## Assigned task
Apart from the pictures, everything in the lines below must be printed exactly.

## Dataset extract
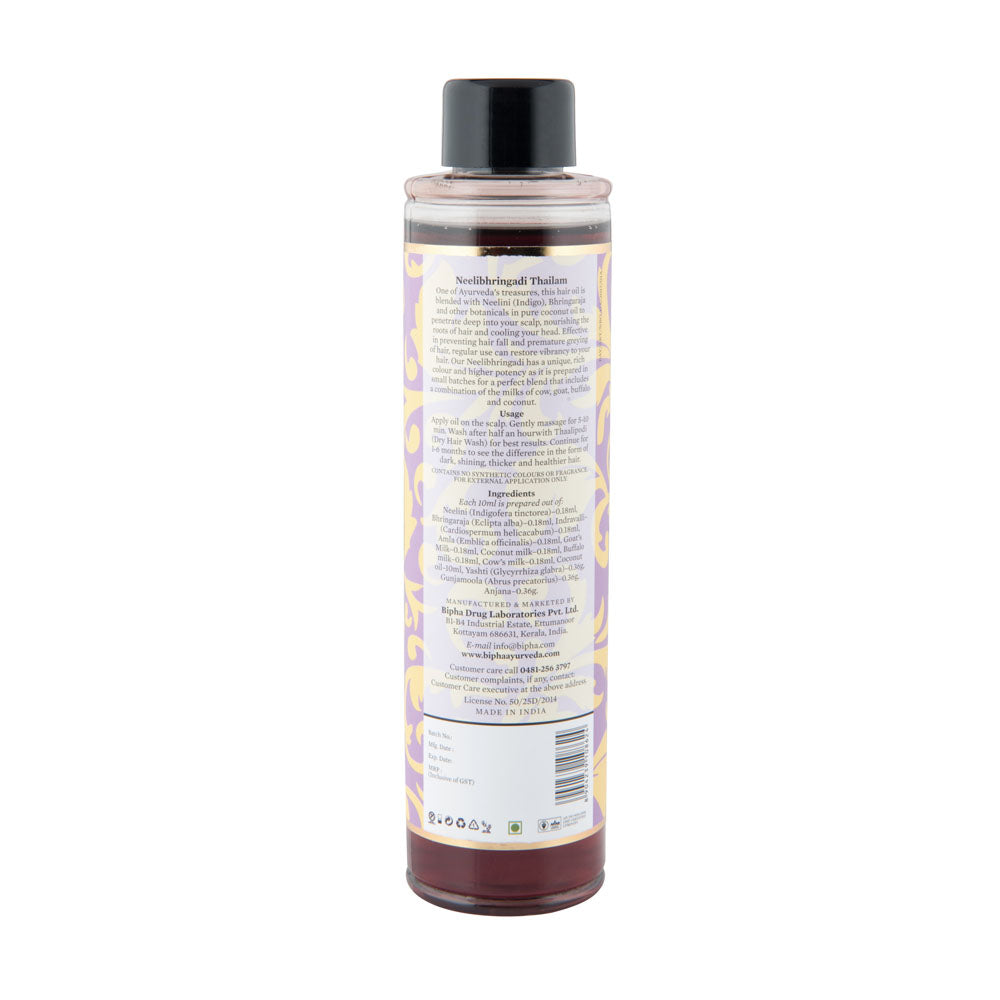 Neelibhringadi Thailam Ingredients and Usage
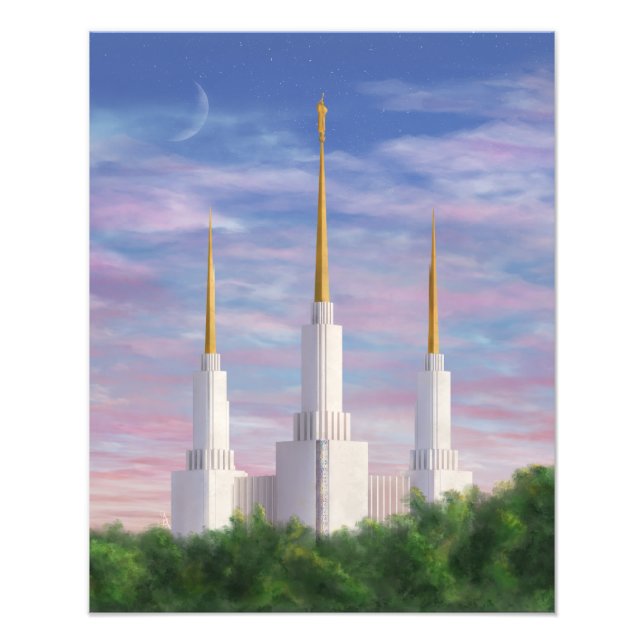 Washington DC Temple Fototryck (Framsidan)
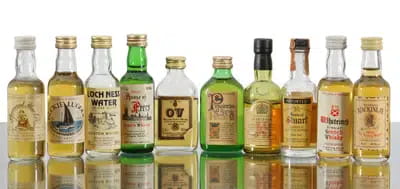 Assorted Miniatures (10x 5cl) For Auction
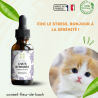 Fleurs de Bach Chat Stressé un mélange efficace pour l'apaiser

## Response to the exercise
 Neelibhringadi Thailam Ingredients and Usage
 Washington DC Temple Fototryck (Framsidan)
 Assorted Miniatures (10x 5cl) For Auction
 Fleurs de Bach Chat Stressé un mélange efficace pour l'apaiser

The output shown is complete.